La méthode de financement des écoles par l’impôt foncier, héritée de ces logiques impérialistes, exerce depuis son adoption une force centrifuge qui continue de façonner l’éducation publique étatsunienne : plus le district scolaire est pauvre, moins ses écoles sont attractives, ce qui fait diminuer la valeur de la propriété foncière des logements dans ce district scolaire, l’entraînant dans une spirale de sous-financement. En Californie, par exemple, les responsables des comtés et des municipalités de la région de Los Angeles ont maintenu la banlieue de Compton à l’écart du district scolaire de Los Angeles, la privant des importantes ressources fiscales de la métropole, tout en annexant d’autres banlieues blanches et plus aisées au district de Los Angeles. Alors que les valeurs immobilières continuaient de chuter à Compton dans les années 1990, ses écoles n’avaient d’autre choix que de récupérer du mobilier d’occasion dont les écoles privées se débarrassaient. Elles étaient si délabrées qu’il pleuvait dans certaines salles de classe (Straus, 2014, p. 3).

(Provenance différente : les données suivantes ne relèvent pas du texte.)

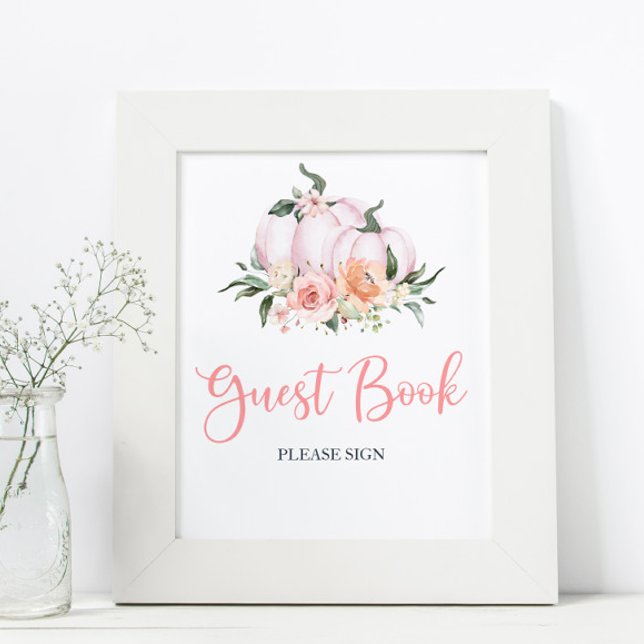 Fall Blommigt Little Pumpkin Shower Guest Bok Poster (Skapare uppladdad)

Les assiettes fiscales ne sont pas statiques, elles sont construites par les politiques locales et celles des États fédérés. Les décisions portant sur la délimitation des districts scolaires sont éminemment politiques : en Caroline du Nord, les descriptions des limites de certains districts scolaires occupent plusieurs pages des lois adoptées par l’Assemblée législative de l’État, précisant les nombreuses contorsions dessinées pour la maximisation ou au contraire la dévaluation de la propriété qu’elles contiennent et qui génèrent, via l’impôt, une partie des budgets des districts scolaires. Érigeant des barrières grâce à ces lignes administratives, souvent complètement décorrélées des autres frontières existantes, topographiques, routières, ou même administratives comme les frontières municipales, ces remparts génèrent une accumulation des ressources ou au contraire la dépossession. Le district scolaire de la ville de Lumberton, en Caroline du Nord, a par exemple annexé un club de golf en 1969 alors que celui-ci ne se trouvait ni à l’intérieur des frontières municipales de Lumberton ni de celles de son district scolaire, et n’en était même pas contigu. Les autorités municipales et du district scolaire local ont ainsi créé une annexe « satellite » dans l’unique but de collecter les gains fiscaux de cette inclusion, la retirant au district scolaire rural majoritairement amérindien de Robeson County Schools (Cyna, 2021).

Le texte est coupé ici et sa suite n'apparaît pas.